__INSTRUCTIONS FOR THE TASK__.
Read the listing below and copy out each line where the word "Lane" occurs.
|---|
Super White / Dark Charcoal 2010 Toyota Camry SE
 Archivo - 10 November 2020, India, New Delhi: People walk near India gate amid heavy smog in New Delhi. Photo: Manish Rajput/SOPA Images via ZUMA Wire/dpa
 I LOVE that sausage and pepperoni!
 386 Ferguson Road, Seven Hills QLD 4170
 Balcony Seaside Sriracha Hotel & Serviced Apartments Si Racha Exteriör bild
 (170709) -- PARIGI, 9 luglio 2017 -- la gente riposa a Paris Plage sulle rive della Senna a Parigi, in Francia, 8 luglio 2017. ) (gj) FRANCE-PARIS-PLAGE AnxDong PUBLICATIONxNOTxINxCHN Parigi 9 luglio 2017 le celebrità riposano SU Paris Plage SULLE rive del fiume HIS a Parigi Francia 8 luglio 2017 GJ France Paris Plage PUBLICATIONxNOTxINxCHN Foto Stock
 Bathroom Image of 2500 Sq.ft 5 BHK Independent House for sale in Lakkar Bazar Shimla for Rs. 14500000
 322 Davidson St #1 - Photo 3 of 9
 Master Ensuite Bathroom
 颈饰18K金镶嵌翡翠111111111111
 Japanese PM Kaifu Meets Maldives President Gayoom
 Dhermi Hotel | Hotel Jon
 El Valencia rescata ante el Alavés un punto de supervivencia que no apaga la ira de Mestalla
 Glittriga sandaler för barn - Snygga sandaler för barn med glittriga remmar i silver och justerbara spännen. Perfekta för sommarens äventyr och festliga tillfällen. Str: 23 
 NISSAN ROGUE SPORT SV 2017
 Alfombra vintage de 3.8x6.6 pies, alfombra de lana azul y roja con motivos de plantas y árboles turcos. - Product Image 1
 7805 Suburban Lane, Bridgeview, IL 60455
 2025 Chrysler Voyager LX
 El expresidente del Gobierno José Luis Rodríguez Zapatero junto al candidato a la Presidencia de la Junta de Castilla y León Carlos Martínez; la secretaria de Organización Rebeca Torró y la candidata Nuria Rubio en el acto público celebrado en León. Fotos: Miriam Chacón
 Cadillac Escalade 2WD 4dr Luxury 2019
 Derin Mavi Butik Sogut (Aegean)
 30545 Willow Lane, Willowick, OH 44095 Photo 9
|---|
__RESULT OF THIS EXERCISE__.
 7805 Suburban Lane, Bridgeview, IL 60455
 30545 Willow Lane, Willowick, OH 44095 Photo 9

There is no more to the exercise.